What is needed. Would you copy exactly the lines in the data below from the one that has "Let's start with" through the one that has "These updates are", dropping any pictures?

Given data.

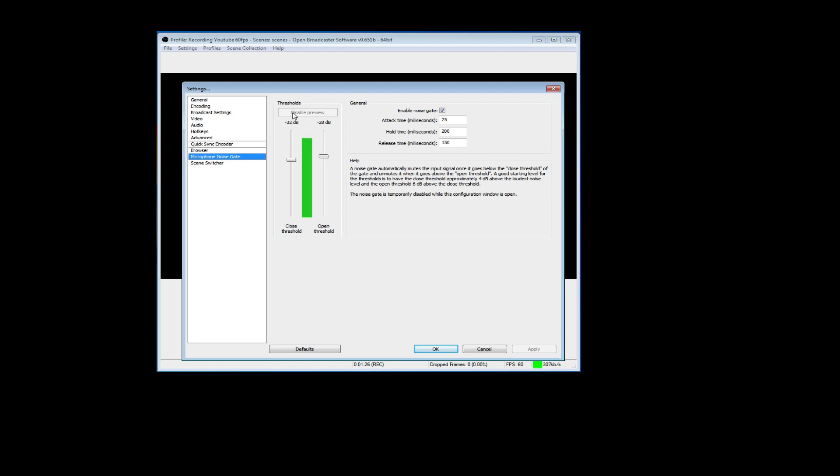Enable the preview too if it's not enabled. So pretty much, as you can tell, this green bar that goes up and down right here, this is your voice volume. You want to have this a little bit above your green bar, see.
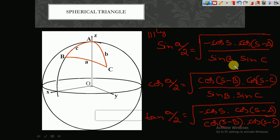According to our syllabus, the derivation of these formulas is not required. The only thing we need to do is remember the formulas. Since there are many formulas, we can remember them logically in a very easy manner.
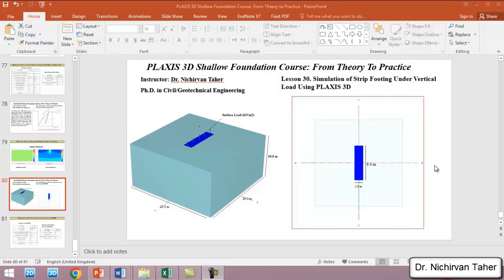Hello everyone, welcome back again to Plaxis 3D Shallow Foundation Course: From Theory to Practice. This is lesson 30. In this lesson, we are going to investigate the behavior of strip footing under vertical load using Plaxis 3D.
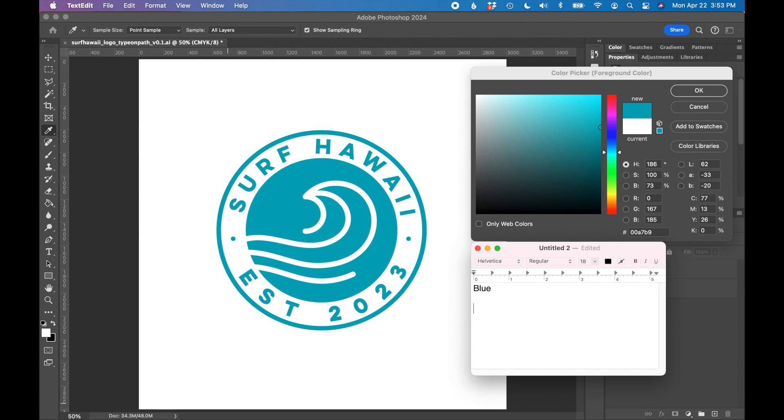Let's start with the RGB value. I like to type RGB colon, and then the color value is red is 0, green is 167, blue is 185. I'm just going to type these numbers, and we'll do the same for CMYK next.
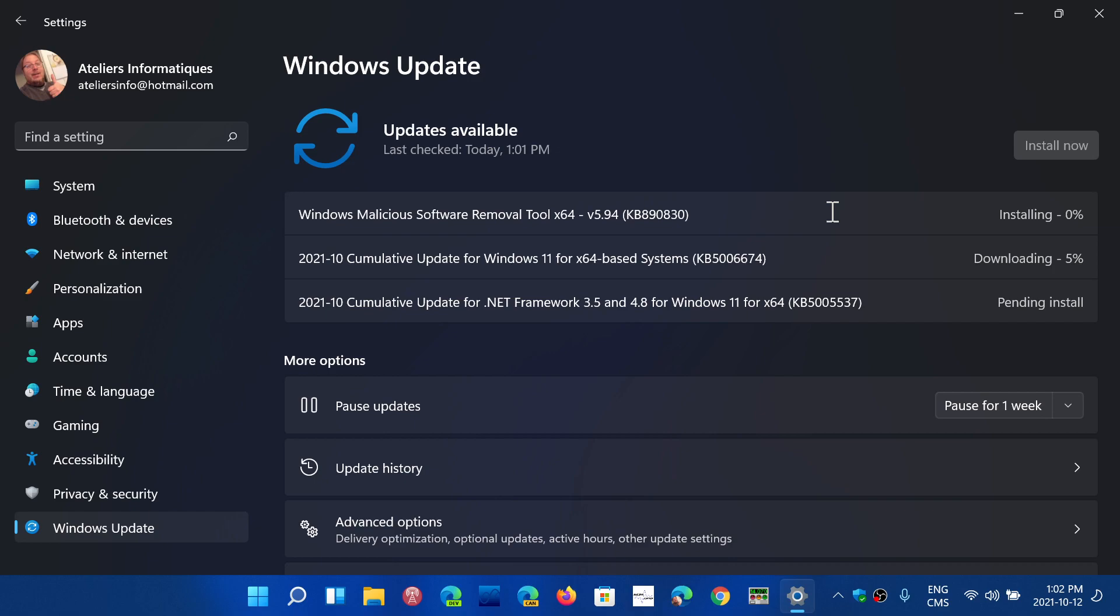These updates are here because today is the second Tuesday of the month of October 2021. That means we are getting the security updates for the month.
---
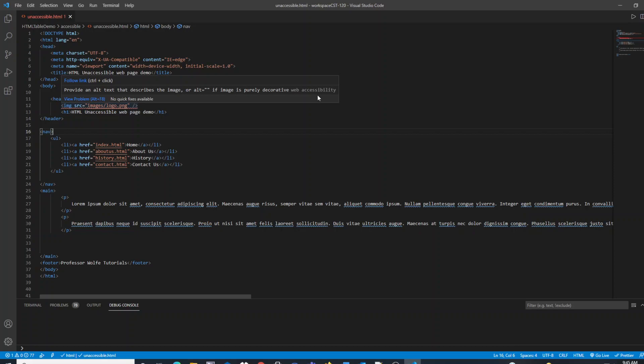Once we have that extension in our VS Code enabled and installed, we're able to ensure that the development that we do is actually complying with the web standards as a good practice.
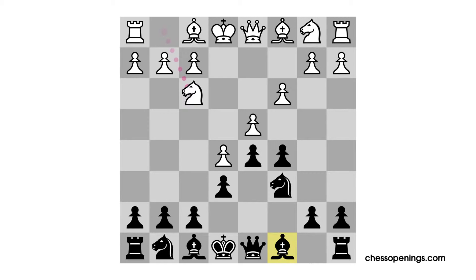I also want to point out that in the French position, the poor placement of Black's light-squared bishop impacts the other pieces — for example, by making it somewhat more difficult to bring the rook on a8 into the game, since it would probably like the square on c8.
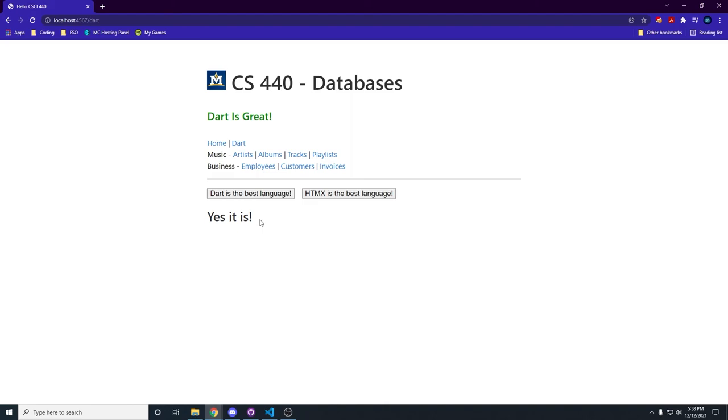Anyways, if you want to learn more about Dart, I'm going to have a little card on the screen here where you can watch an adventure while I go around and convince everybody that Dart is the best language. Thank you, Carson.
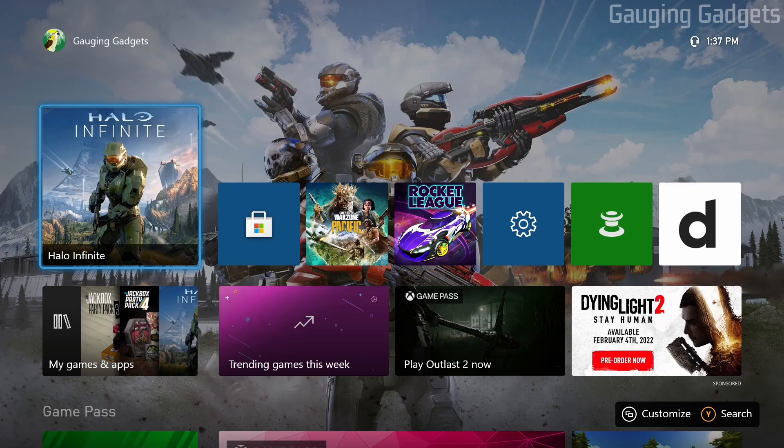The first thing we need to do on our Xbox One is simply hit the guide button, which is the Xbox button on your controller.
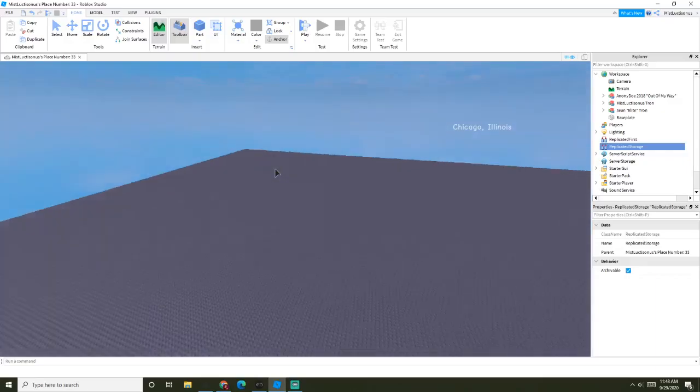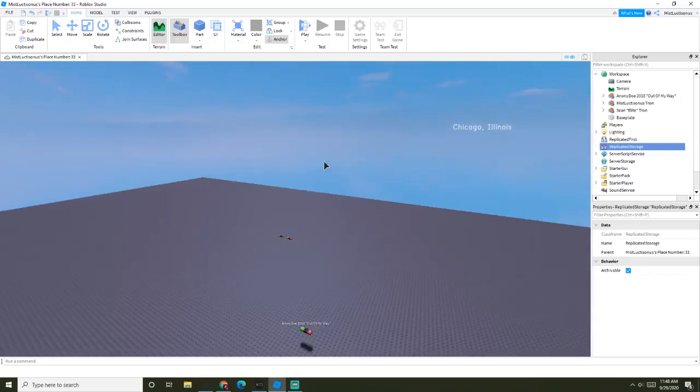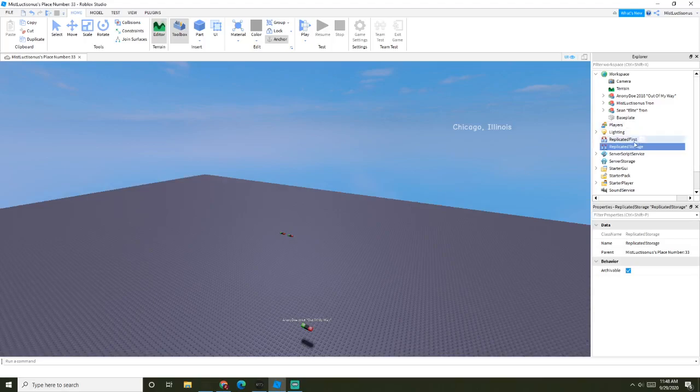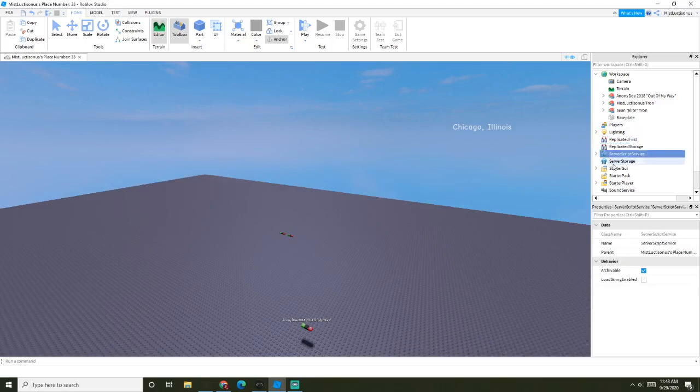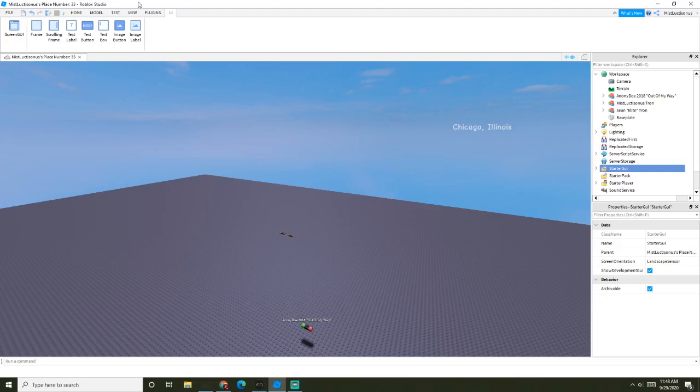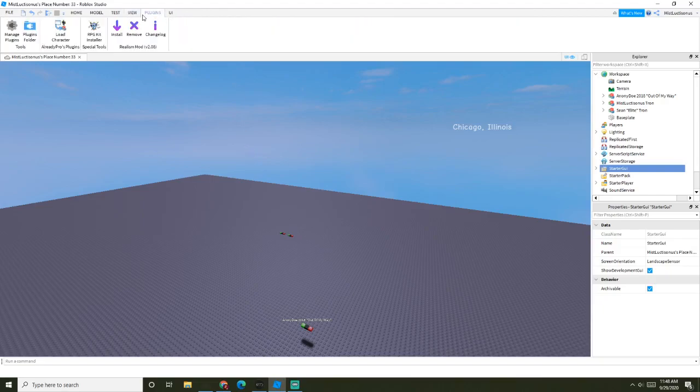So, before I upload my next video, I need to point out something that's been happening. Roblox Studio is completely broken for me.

Result for this exercise.
Let's start with the RGB value. I like to type RGB colon, and then the color value is red is 0, green is 167, blue is 185. I'm just going to type these numbers, and we'll do the same for CMYK next.
These updates are here because today is the second Tuesday of the month of October 2021. That means we are getting the security updates for the month.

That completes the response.